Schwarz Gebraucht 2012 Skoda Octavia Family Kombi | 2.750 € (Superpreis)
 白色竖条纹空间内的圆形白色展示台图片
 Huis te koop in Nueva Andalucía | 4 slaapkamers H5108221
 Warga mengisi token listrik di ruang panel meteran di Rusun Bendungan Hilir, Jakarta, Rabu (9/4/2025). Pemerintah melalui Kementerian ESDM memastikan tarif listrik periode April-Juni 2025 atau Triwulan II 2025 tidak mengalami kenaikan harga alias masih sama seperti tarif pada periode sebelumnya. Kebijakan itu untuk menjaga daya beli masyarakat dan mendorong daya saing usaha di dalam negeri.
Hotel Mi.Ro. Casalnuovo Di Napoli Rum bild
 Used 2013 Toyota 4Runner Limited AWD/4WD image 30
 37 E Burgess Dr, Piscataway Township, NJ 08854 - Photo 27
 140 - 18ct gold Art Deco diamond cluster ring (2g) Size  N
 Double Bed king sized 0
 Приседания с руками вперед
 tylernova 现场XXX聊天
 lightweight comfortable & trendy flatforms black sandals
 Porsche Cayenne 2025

--- What the task requires ---
Copy out only the lines from the one containing "37 E Burgess" down to the last line of the material, keeping both ends.

--- Answer box ---
 37 E Burgess Dr, Piscataway Township, NJ 08854 - Photo 27
 140 - 18ct gold Art Deco diamond cluster ring (2g) Size  N
 Double Bed king sized 0
 Приседания с руками вперед
 tylernova 现场XXX聊天
 lightweight comfortable & trendy flatforms black sandals
 Porsche Cayenne 2025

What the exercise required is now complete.